Geri cocked an eyebrow. “Bite back?”
Her father nodded. “It will blow over and you’ll both find a rhythm of partnership. So why don’t we head home? I had Jensen bring the car around.”
Even though she was sorely tempted to leave and not expose her soft underbelly to Mr. Ashwood, she couldn’t leave things like they were. She had been wrong to question him.
And she wasn’t going to run this time. She was here for the long haul.
“I think I’ll stay if it’s all the same to you.”

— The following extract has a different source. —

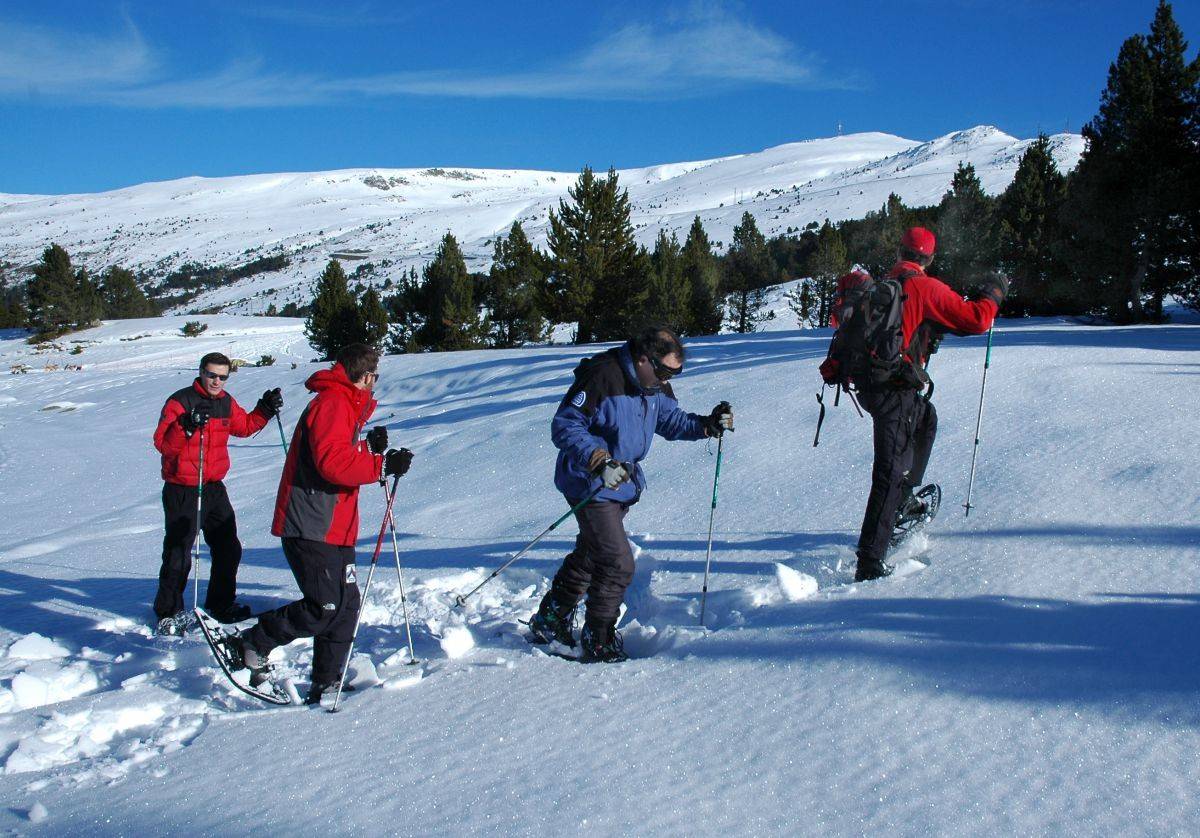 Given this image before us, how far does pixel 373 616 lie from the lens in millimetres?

“Are you sure, Geraldine?”
She nodded. “Positive.”
Her father reached down and squeezed her shoulder. “Just call for the car when you need it, then. Jensen won’t mind.”
“Of course.”
Only she wouldn’t. She’d take the tube to Holland Park. She may not be from London, but she knew her way around public transportation just fine. She just wouldn’t tell her father that. He would have a thousand fits if he knew that she was taking public transportation like a commoner. Only that was what she was.
She may talk in a refined way, because she worked hard to drop the rough accent she’d had since childhood, but she didn’t belong in this world she’d just been thrust into.
The first time she’d had a formal dinner at her father’s large Holland Park home she’d been so confused by the number of forks she’d made an excuse about not being hungry and had left the table.